By Chris Wright
With a nod to the upcoming prospective El Clasico fixture pile-up (four in four weeks, beginning on April 16th), Pies bring you a rundown of ten players whose burgeoning talents afforded them a platform at one – or, in some cases, both – of the two most illustrious club sides in world football, only to see their career eventually slide into relative mediocrity…
10. Jose Antonio Reyes – Real Madrid, 2006 – 2007
Quickly descended from one of the most gifted attack-minded players in world football to an ‘occasionally gripping performer for an average club’, all in the space of about three years.
If you fancy a bit of further reading, I urge you to have a gander (after finishing our rundown of course!) at Jacob Steinberg’s ace retrospective of Reyes’ fateful career that we featured on Pies a few months ago – it’s quite a tale.
9. Gaizka Mendieta – Barcelona, 2002 – 2003
Following several exemplary seasons with Valencia, Mendieta became the sixth most expensive player of all time (€48 million) when he switched to Lazio from Los Che in 2001, though cruel hindsight has shown us that it was never going to be the right move for the gifted Spanish playmaker.
After failing to continue Pavel Nedved’s fine work in the Italian capital, Mendieta was hounded as a finance-cripplingly expensive dud and loaned to Barca – playing regularly in a whimpering side that eventually finished sixth in La Liga, leading many to pontificate that a move to the Camp Nou would perhaps have been the better option when he originally chose to leave Spain for Rome the summer previous.
He then moved to Middlesbrough (where he still lives to this day), initially on loan from Lazio but eventually on a permanent basis, and showed English audiences glimpses of his former artisan glories in brief spurts before being carted off to the knacker’s yard midway through 2007.
Perhaps unfair considering the ‘hype’ was at Lazio, but Mendieta was hands down one of my favourite players of the 1990’s and with his brimming talent he should have been a footballing legend (somewhere akin to the status Xavi holds now), not a curious footnote.
8. Thomas Gravesen – Real Madrid, 2005 -2006
Joined Everton on the back of Euro 2000 and looked genuinely tasty during his five-year stay on Merseyside, prompting Real Madrid to gamble on him comfortably slotting into their vacant holding role.
Gravesen, however, had other ideas and instead went absolutely bat-shit crazy – taking his new ‘destructive midfielder’ role to the Nth degree on the sporadic occasions he found himself entrusted with a starting berth.

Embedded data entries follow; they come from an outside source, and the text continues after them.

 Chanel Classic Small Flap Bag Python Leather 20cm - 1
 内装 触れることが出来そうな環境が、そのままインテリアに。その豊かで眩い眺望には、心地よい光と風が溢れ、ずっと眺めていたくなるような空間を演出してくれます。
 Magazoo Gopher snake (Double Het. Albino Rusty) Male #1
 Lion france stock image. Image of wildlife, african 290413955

The Spanish footballing sphere soon fell out of love with the ruthless/reckless Dane and he sealed his own fate with Los Blancos by crunching Robinho in a pre-season training session – he was offloaded to Celtic the following fortnight.

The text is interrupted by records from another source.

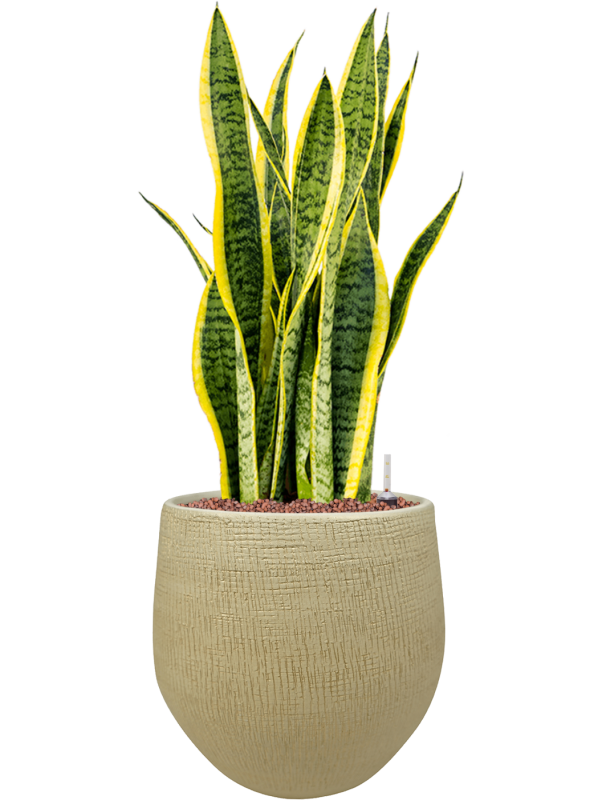 Sansevieria trifasciata Laurentii v obalu Ryan - hydroponie, průměr 26 cm Sanseveria, Tchýnin jazyk, Tenura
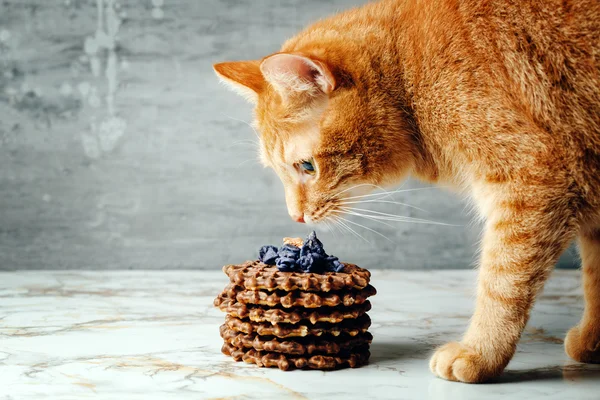 红猫喜欢自制的华夫饼 — 图库照片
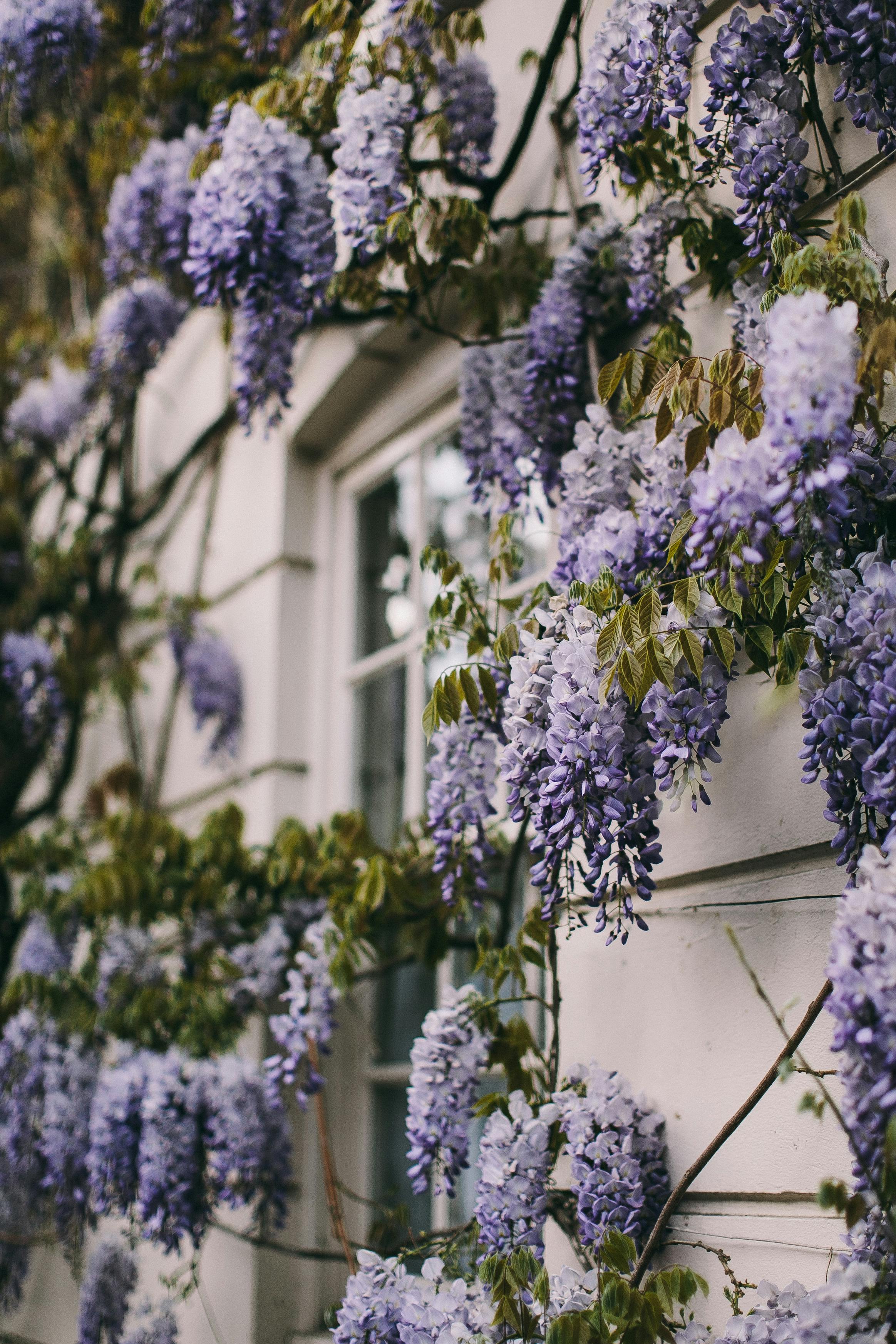 Wisteria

Gravesen looked jaded at Celtic and completely knackered by the time he returned to Goodison on loan in 2007, with his early retirement two years late, at the age of 33, coming as a surprise to literally no-one.

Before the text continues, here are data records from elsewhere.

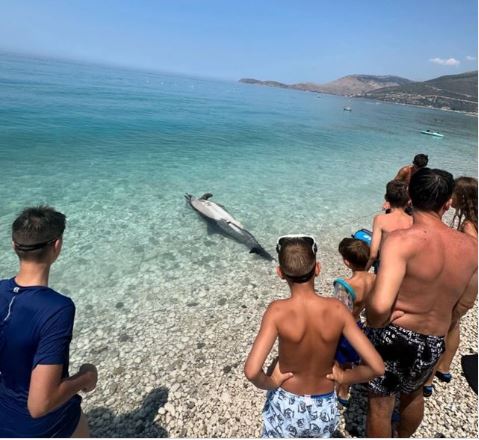FOTOLAJM/ Delfini del i ngordhur në breg të Borshit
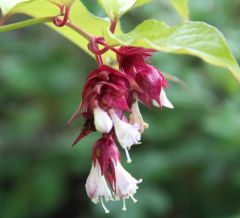 Leycesteria Formosa Golden Lanterns
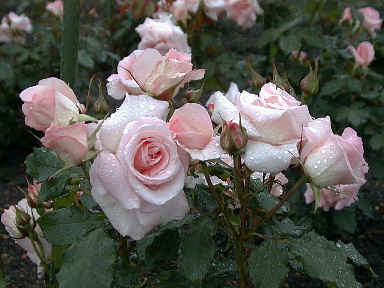 b0169987_1420527.jpg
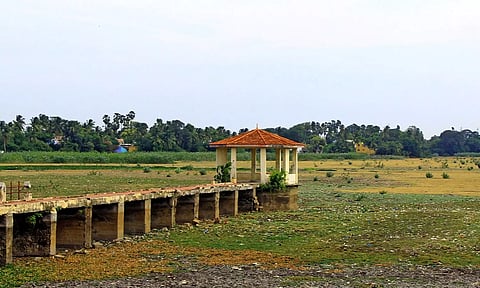 தண்ணீர் இல்லாமல் வறண்டு போன டவுன் நயினார்குளம்.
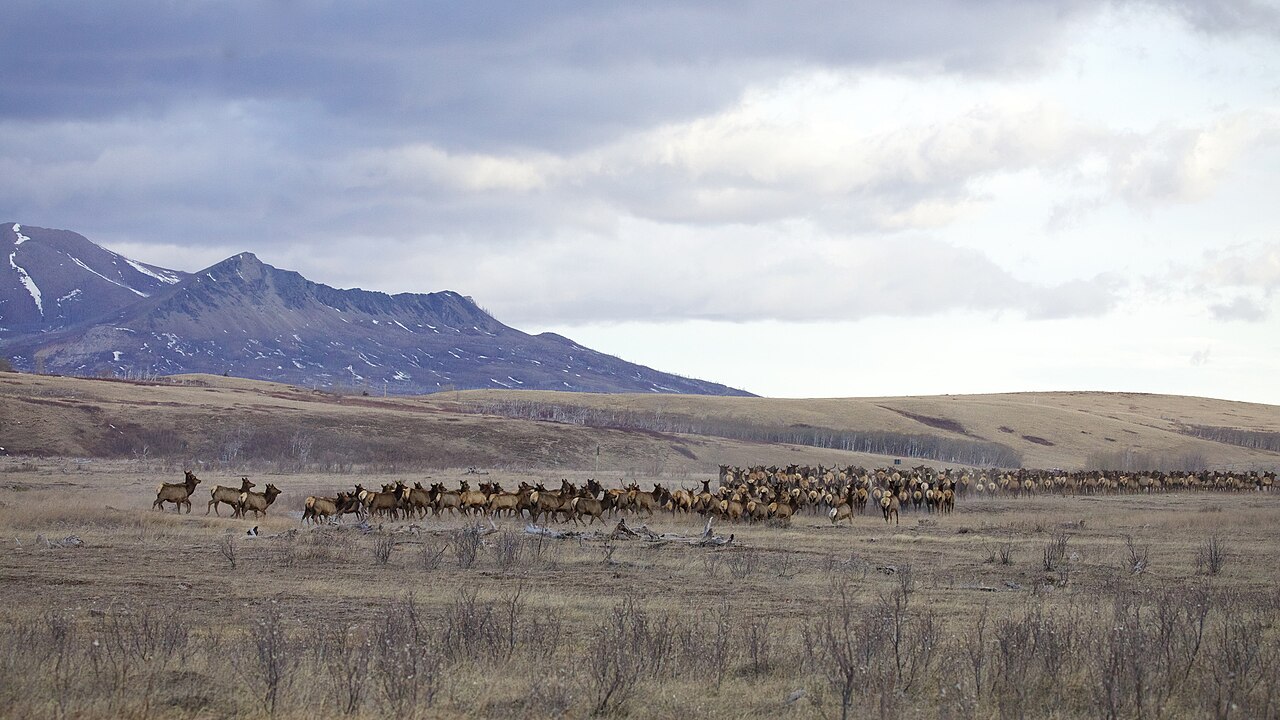 How Far Away Can You Hear an Elk Bugle?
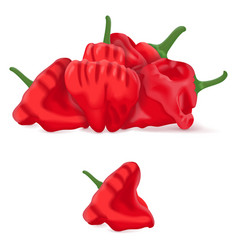 Group Of Red Scotch Bonnet Peppers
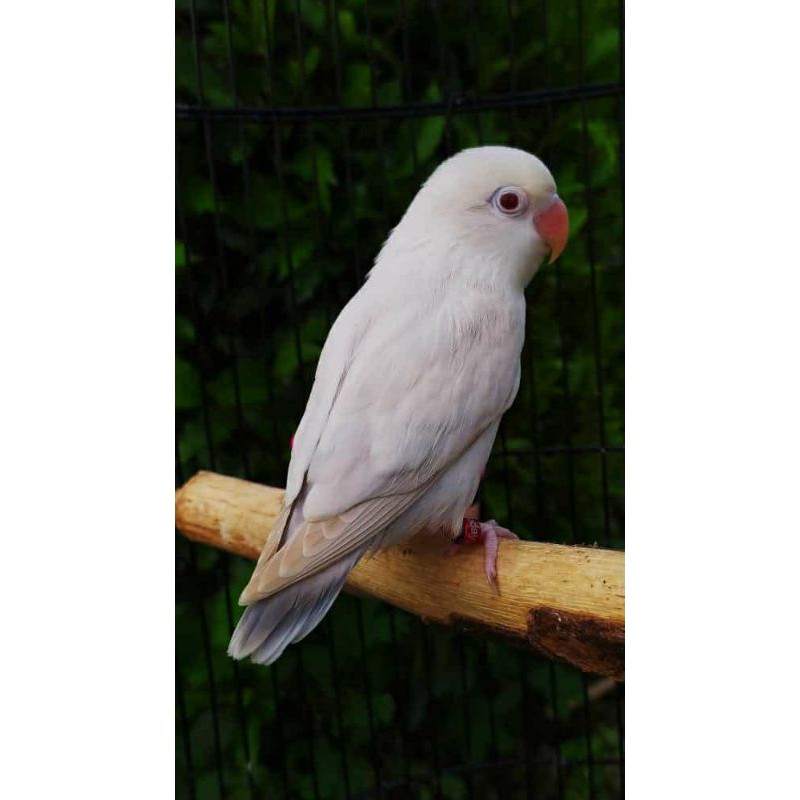 Harga Lovebird Pf Terbaru Januari 2022 | Biggo Indonesia 800_X_800_jpg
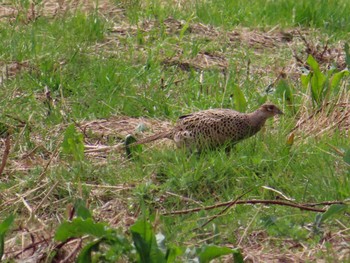 Green Pheasant 春日部市 Tue, 4/2/2024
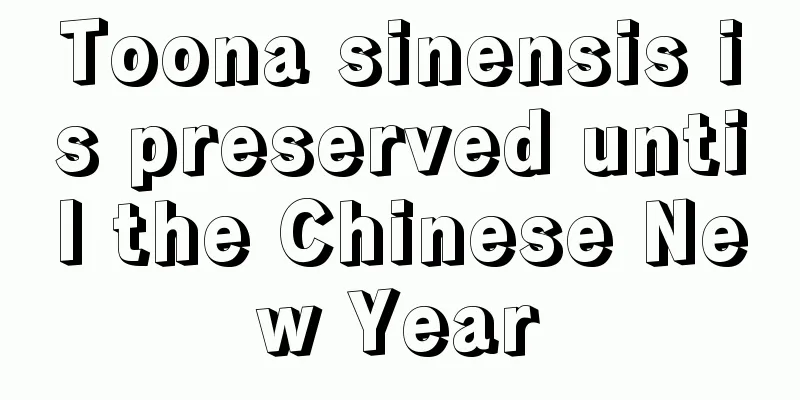 Toona sinensis is preserved until the Chinese New Year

7. Alexandr Hleb – Barcelona, 2008 – present
Former Arsenal winger Hleb fell into the trap of believing his own hype, jumped at the chance to join Barca when they showed the faintest interest in him, didn’t really get a look in amongst a sea of better players and can now be not seen not playing for Birmingham City on a regular basis.
The Belarusian is miraculously still contracted to the Spanish giants, though it’s been the best part of two years since he last donned the blaugrana.
6. Fabio Rochemback – Barcelona, 2001 – 2005
Rochemback joined Barca from Internacional on a wave of hype, chiefly because of his penchant for launching Exocet-like shots on goal from almost anywhere on the pitch.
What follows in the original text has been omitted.